One of the more interesting findings of our paper is that a 10–percentage-point increase in the uptake of screening strategies recommended by the USPSTF could yield a 1% reduction in lung cancer deaths, a 21% reduction in colorectal cancer deaths, a 4% reduction in breast cancer deaths, and a 40% reduction in cervical cancer deaths over the lifetimes of individuals newly eligible for screening in 2021, compared to the expected number if current trends in screening and treatment were to continue.

The large reductions in colorectal and cervical cancer deaths were initially surprising to us, but the results make sense. Unlike screening for lung and breast cancer, screening for colorectal and cervical cancer can also detect and treat the precursors to these cancers, thereby preventing the person from ever developing the disease. So, those estimated reductions represent the combined effects of the prevention and early detection abilities of colorectal and cervical cancer screening.

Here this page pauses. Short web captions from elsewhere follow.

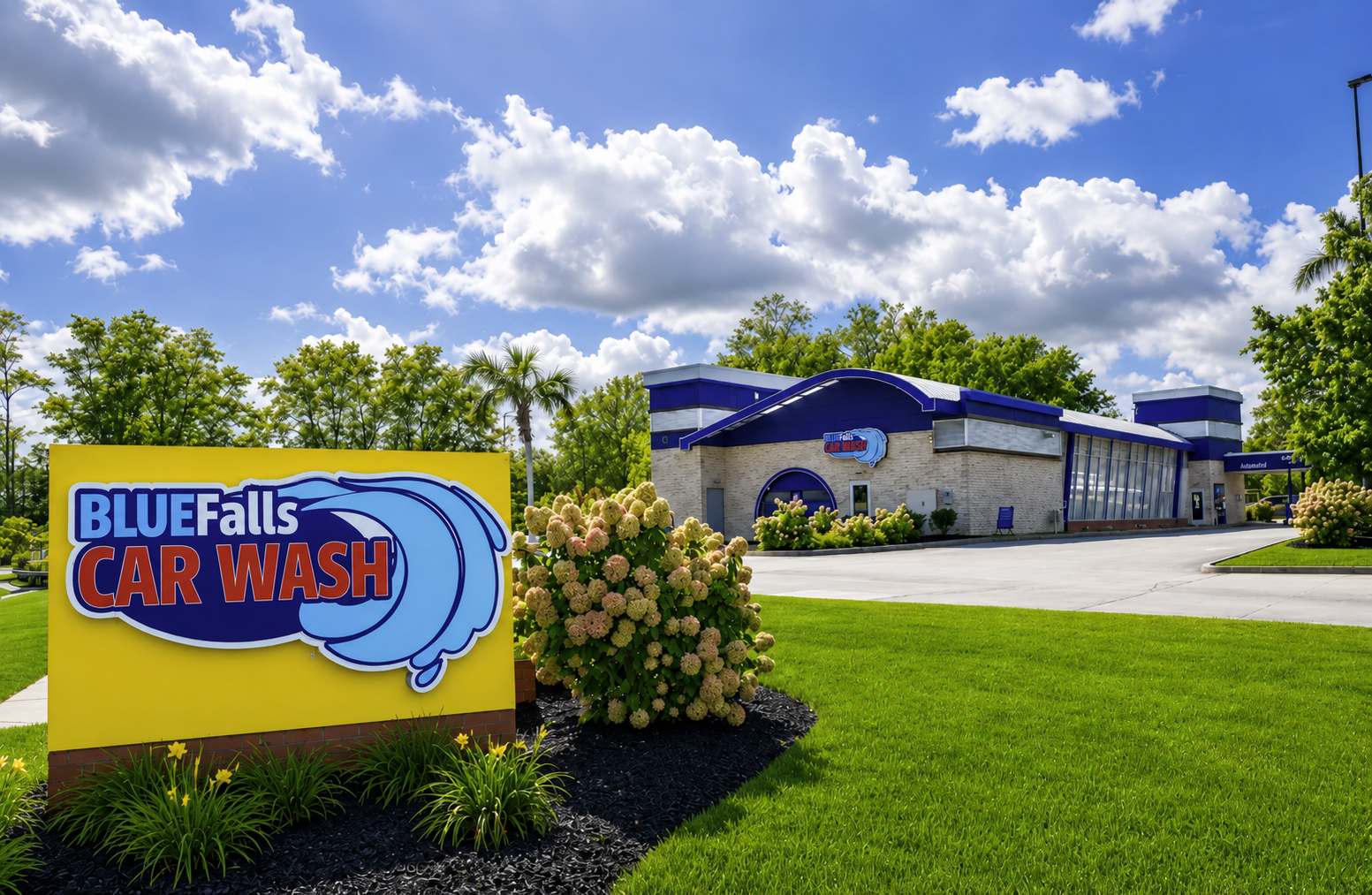 Blue Falls Car Wash location exterior with bright yellow entrance sign, blue arched roofline, and landscaped grounds on a sunny day.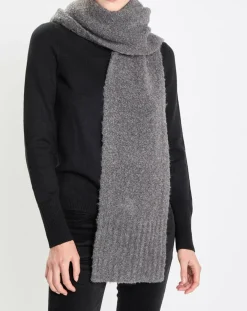 Écharpe en Laine mélangée et bouclée gris foncé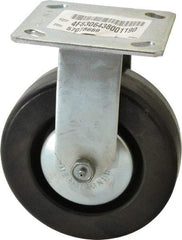 E.R. Wagner - 6" Diam x 2" Wide x 7-1/2" OAH Top Plate Mount Rigid Caster - Phenolic, 700 Lb Capacity, Roller Bearing, 4 x 4-1/2" Plate - USA Tool & Supply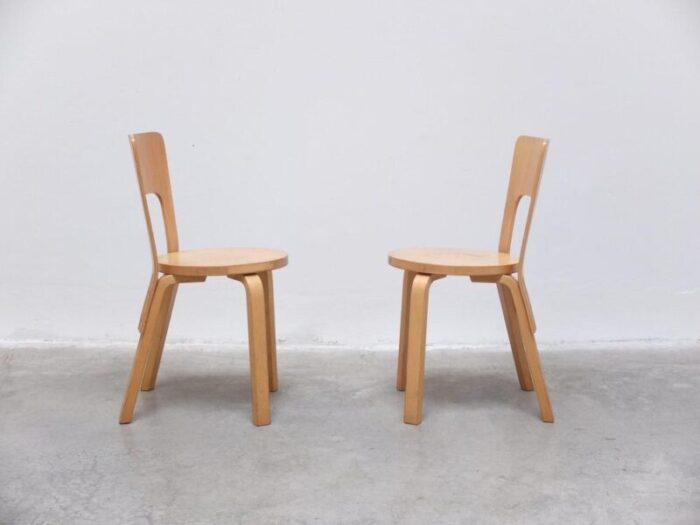 early model 66 side chairs by alvar aalto for artek 1930s set of 2 4365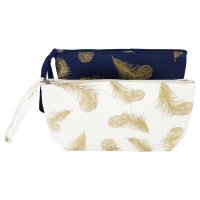 Kosmetiktasche Kulturbeutel Damen Feder Motiv Reise...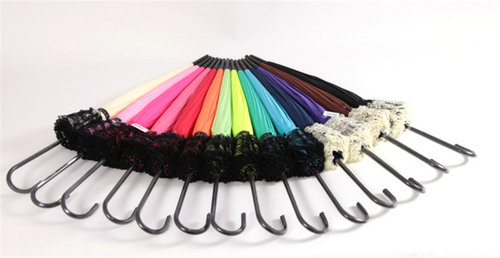 Umbrella Parasol Candy Color Princess Lace Pagoda Umbrella Long Handle Hook Gift - Picture 5 of 21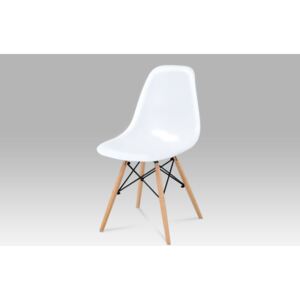 Jídelní židle CT-718 WT1 plast bílý, masiv buk, kov černý, POSLEDNÍ KUS DOPRODEJ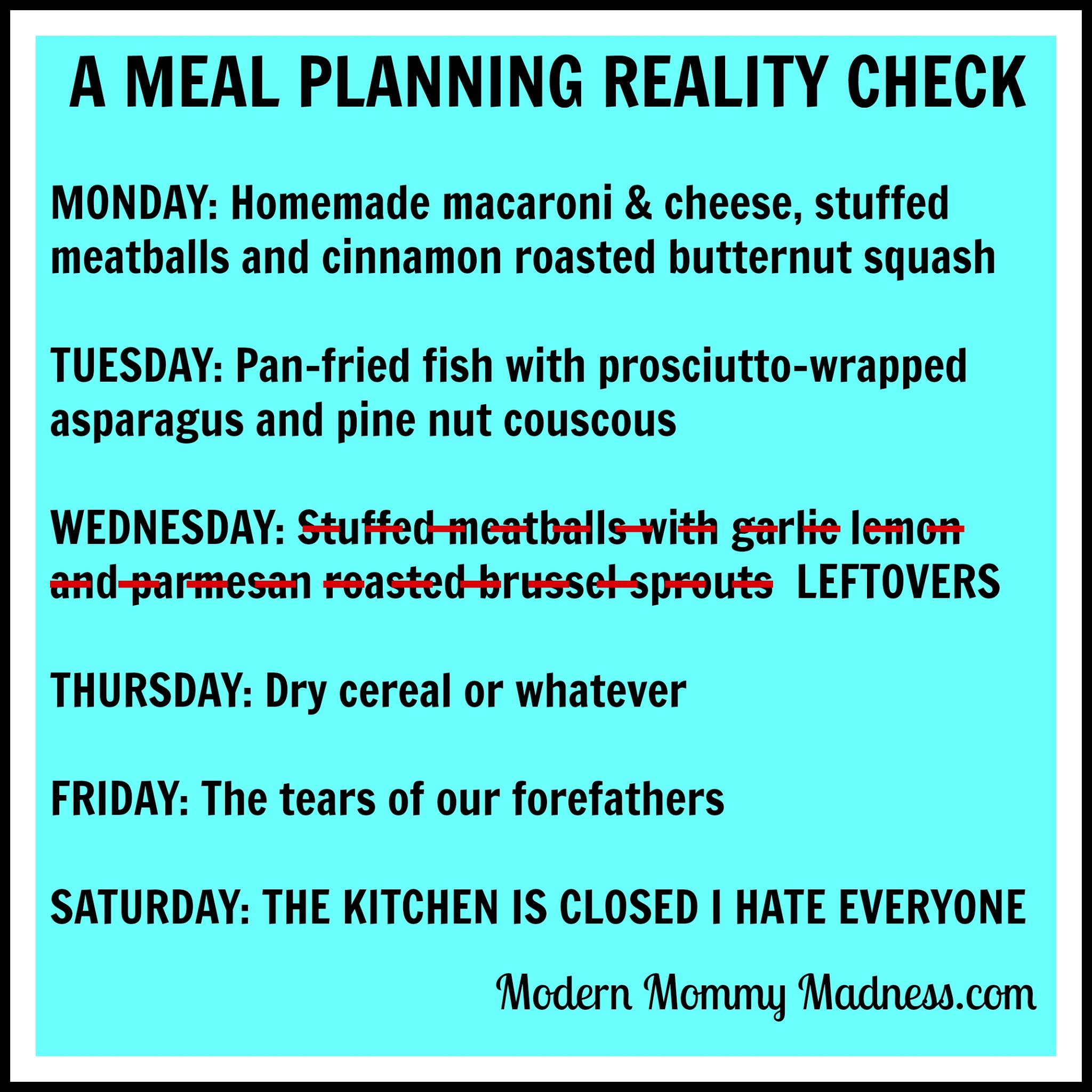 Three Simple Rules for Menu Planning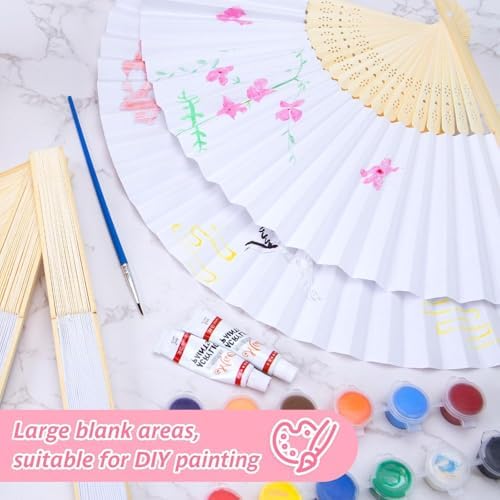 50 Pcs White Paper Fans Paper Hand Fan- Handheld Paper Folded Fan for Wedding Party and Home Decoration - Image 4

The small reduction in lung cancer deaths from the increased uptake of lung cancer screening was also initially surprising. It is explained by the fact that only people with a certain smoking history are eligible for lung screening, whereas recommendations for colorectal, breast, and cervical cancer screening are based solely on age.

We also found that combining lung screening with a smoking cessation program could prevent additional lung cancer deaths. Of course, stopping smoking would also prevent other tobacco-related causes of death.

Do you have any cautions about the limitations of your study?

By definition, a model can’t perfectly reflect reality, but a well-validated model can shed light on potential pathways for improvements in outcomes. We think our models can do just that.

One of the limitations of our study is that we assumed that those who undergo screening as part of the 10–percentage point increase would be screened exactly as recommended by the USPSTF. That is, we assumed that they would start screening at the recommended age, undergo repeat screening at the recommended intervals, and complete all recommended tests and procedures after an abnormal result on a screening test. Unfortunately, the real world differs from this ideal, so our results should be seen as a best-case scenario.

We also showed how results change when screening is not performed as recommended. For example, if only one colonoscopy were done at age 50, as opposed to performing colonoscopy every 10 years starting at age 45, we estimated that the number of colorectal cancer deaths prevented by a 10–percentage point increase in screening would fall by 32%.

Amy Knudsen, Ph.D., Massachusetts General Hospital

What are the reasons for low screening rates? Do we know of ways to address them?

There are many reasons why screening rates are below national targets. Some of those reasons reflect the nature of the US health care system, including systemic biases, lack of access to medical services, and the complexities of the system.

Additionally, not all clinicians are aware of current screening recommendations and, even if they are aware, some are not recommending screening to their patients. We hope that our work makes the case that additional efforts to increase screening rates would result in fewer cancer deaths.

Is there a take-home message from your study?

The increased uptake of recommended screening strategies would help to reduce the burden of cancer in the United States. However, our findings suggest that the Biden Administration’s goal of reducing cancer deaths by 50% in 25 years will not likely be achieved by focusing solely on overall increases in the uptake of screening for breast, cervical, colorectal, and lung cancers.  

Targeted efforts to increase screening test uptake among individuals at high risk of cancer death will be needed, along with advances in prevention and treatment.